Dude, Don't Be Such A Rick

Episode Report Card
Djb: B- | Grade It Now!

Popping the tape in the VCR, we discover Meredith wearing a blue Asian-fusion (that's "Asian" fused with "cliché wardrobe stereotype," that is) shirt-y thing and letting us know that the guy who can rent it tonight and go home happy is...Ian! "A night of good fortune awaits us. We'll ride through the streets in a rickshaw and be entertained by dragons." Wow! Dangerous, non-motorized archaic transportation and monsters! Have you been reading my dream diary again?

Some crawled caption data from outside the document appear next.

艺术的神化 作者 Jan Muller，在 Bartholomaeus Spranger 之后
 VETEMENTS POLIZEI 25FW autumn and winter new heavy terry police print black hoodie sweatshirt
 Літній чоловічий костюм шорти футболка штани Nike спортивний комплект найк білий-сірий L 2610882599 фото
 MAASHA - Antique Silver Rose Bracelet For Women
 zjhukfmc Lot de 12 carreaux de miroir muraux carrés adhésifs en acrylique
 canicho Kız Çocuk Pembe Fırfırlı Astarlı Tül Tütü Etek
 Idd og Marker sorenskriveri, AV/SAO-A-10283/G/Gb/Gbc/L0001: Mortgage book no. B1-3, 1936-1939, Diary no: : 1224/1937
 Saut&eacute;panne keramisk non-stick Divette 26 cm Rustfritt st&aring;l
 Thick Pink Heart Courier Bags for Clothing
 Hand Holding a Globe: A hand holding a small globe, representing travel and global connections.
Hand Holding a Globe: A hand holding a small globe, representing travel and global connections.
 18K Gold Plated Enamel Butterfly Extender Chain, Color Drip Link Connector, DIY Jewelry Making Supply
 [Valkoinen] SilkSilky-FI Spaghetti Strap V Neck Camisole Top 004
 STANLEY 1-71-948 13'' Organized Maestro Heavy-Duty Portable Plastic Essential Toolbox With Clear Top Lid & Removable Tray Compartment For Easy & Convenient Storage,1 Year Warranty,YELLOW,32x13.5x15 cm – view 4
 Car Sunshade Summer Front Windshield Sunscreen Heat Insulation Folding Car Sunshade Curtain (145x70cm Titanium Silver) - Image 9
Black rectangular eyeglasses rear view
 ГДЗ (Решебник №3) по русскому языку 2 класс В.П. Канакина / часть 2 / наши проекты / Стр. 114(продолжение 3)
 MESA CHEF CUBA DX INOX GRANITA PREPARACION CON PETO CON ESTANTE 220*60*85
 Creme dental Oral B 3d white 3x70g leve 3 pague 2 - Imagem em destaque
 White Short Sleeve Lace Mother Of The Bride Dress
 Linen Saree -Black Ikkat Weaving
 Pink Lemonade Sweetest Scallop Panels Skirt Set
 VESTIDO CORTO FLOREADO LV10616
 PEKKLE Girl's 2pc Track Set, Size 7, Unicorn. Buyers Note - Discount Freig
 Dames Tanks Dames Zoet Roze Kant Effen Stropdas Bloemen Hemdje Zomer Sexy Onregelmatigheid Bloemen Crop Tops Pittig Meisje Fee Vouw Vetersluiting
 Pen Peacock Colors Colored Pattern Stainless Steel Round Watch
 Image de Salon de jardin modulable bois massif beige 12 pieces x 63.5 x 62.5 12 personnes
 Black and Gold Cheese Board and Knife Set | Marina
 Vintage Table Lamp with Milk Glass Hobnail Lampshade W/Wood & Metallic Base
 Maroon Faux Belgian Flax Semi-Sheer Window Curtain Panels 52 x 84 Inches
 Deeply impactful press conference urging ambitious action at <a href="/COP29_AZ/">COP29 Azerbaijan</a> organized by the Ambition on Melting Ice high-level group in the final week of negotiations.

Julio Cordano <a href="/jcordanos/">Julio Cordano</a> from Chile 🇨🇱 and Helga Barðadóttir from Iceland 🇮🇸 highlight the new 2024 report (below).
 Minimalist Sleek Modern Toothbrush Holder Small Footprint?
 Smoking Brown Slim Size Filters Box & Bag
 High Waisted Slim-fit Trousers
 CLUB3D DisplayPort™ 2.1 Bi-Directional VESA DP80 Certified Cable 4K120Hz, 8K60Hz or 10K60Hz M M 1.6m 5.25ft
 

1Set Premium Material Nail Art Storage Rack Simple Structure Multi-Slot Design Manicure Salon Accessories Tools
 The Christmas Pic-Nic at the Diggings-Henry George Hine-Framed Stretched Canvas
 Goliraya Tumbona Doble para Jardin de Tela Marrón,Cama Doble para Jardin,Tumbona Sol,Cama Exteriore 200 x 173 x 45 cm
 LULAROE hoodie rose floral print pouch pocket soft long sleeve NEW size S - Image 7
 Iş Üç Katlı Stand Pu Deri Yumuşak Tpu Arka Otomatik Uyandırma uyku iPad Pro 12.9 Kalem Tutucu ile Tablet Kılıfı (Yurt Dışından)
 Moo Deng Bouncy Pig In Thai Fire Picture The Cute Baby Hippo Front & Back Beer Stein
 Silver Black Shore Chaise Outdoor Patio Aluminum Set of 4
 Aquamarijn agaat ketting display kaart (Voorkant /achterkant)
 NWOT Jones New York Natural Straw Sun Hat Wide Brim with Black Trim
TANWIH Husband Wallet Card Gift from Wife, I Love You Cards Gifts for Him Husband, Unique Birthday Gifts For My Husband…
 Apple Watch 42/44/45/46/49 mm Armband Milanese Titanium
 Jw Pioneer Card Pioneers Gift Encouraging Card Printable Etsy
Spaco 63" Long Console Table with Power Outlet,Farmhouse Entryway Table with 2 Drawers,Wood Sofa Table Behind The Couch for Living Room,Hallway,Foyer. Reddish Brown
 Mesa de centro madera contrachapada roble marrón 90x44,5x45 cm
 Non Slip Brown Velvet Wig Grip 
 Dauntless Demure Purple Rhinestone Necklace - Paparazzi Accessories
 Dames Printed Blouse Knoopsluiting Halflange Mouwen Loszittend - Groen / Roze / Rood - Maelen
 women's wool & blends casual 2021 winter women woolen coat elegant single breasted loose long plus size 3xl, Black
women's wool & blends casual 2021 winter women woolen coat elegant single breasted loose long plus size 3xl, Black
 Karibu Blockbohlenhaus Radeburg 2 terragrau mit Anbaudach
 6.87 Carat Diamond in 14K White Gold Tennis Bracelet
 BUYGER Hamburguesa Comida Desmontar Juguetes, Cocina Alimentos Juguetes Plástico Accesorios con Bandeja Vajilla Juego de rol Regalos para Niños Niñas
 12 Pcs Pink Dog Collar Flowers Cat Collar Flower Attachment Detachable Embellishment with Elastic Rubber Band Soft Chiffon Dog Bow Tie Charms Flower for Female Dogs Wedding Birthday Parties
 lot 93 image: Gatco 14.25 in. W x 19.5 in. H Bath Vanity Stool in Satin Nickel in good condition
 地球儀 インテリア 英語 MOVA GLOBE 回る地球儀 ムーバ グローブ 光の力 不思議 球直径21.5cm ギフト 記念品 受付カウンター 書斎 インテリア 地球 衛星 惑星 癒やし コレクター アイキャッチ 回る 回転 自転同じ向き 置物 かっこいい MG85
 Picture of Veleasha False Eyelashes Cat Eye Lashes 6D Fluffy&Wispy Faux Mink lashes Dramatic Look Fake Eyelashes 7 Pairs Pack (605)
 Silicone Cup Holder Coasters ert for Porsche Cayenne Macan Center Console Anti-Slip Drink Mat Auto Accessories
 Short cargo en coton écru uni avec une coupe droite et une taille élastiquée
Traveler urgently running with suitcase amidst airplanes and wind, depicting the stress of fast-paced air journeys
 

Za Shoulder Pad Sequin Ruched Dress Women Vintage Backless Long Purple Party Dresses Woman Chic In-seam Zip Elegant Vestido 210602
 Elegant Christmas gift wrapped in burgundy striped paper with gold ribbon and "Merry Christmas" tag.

Ian gives a vague glance around that I'll just take the liberty of translating: "Y'all sure I can't just go to the Mighty Ducks game?" Meredith takes a quick breath and dives back in with the parting shot I'm sure will possess just as much passion and raw sexuality as we've come to expect from her: "And I hope you know how to use chopsticks." The tape fades, and the rest of the guys throw out the perfunctory "Awwww, yeah"s and "Hooo, boy"s they're expected to make with at this point. Yeah! Chopsticks mean sex! But then, I guess from a group of ten gentlemen who are utterly used to ending every fortune cookie they've seen since they were twelve with "in bed," fetishizing even the utensils shouldn't come as that much of a surprise.

In a confessional, Ian cops to feeling "at ease" about the results of the Magic 8-Ball test. Tonight, he'll be looking to see if there's a "connection" between him and Meredith to see "if she's the one." In bed!

Yeah, he'll probably win. Meredith shows up at the house and gives Ian a big hug, telling us simultaneously in a confessional, "I'm very happy I'm going on this date with him." Maybe that's because her confessional glimpsed out the window of the time-space continuum and she watched herself showing up at the house to discover Ryan R. sprawled out shirtless on the living room sofa with a blanket (with what looks like only a blanket) covering his lower half, looking like he's posing for the new version of the International Male catalogue. "Come on," he can almost hear his agent (oh, they've all got one) urging him, "it's just like the Abercrombie catalogue...but for ugly people!"

In the back of stretch rickshaw with a Plexiglas retaining wall between the people enjoying the trip and the person pulling it (as well it should be), Ian kicks off the conversation is a way he knows Meredith would understand best: "My mom is -- was -- Swedish," he ventures, hoping she'll zero in on the confusing tense construction of the sentence rather than the content. And she bites, parsing the "was/is" dichotomy rather than being all, "How interesting! You know the national anthem of Sweden is, of course, 'Du Gamla, Du Fria.'" Then again, it's not like there's anything that inherently interesting about Sweden worth discussing, I suppose. It's not like he tried to capture her interest with "my mother was an axe murderer" or "my mother was a unicorn" or something. That's why, I guess, Meredith is more interested in the fact that Ian's mother only seems to exist somewhere deeeeeep in the recesses of the past tense. "'Was'?" she asks, and Ian admits, "She passed away when I was three years old." The "awwwwwwwww" track is cranked up to Michelle-Tanner- sneezes-for- the-first-time- and-isn't-it- adoooooooorable proportions, as the world's viewing audience who is quickly falling for Ian collective produce an "awwwwwww" with so much breath support that it speeds up the world's jet streams and blows the pink flamingos on my lawn right into each other, causing a terrible tangle. But wait! It gets worse! For the emotional ace known as "vague and unsubstantiated human developmental statistics" has yet to rear its head. Until now! Ian goes on: "What's really sad is that your memory only really develops when you're four years old, so I don't remember anything." Meredith knows just how he feels, except for the "losing your mother" part and the "my formative mind has erased all trace of her existence from my long-term memory" part. But that doesn't stop her from volleying back with that last track on Television Tragedy's Greatest Hits, right after Princess Diana and Zapruder: "My grandmother was Swedish." Uff da! A Nana reference right in the middle of it all? But Ian doesn't mind, and in a confessional tells us that she made him feel totally comfortable as a result of her utter Nana-fying of the conversation. Hey, guys? When I was in fourth grade, I had a guinea pig named "Fuzzy." And, well, I don't think I have to tell you how that worked out. Hey, is there enough champagne for me to have a glass?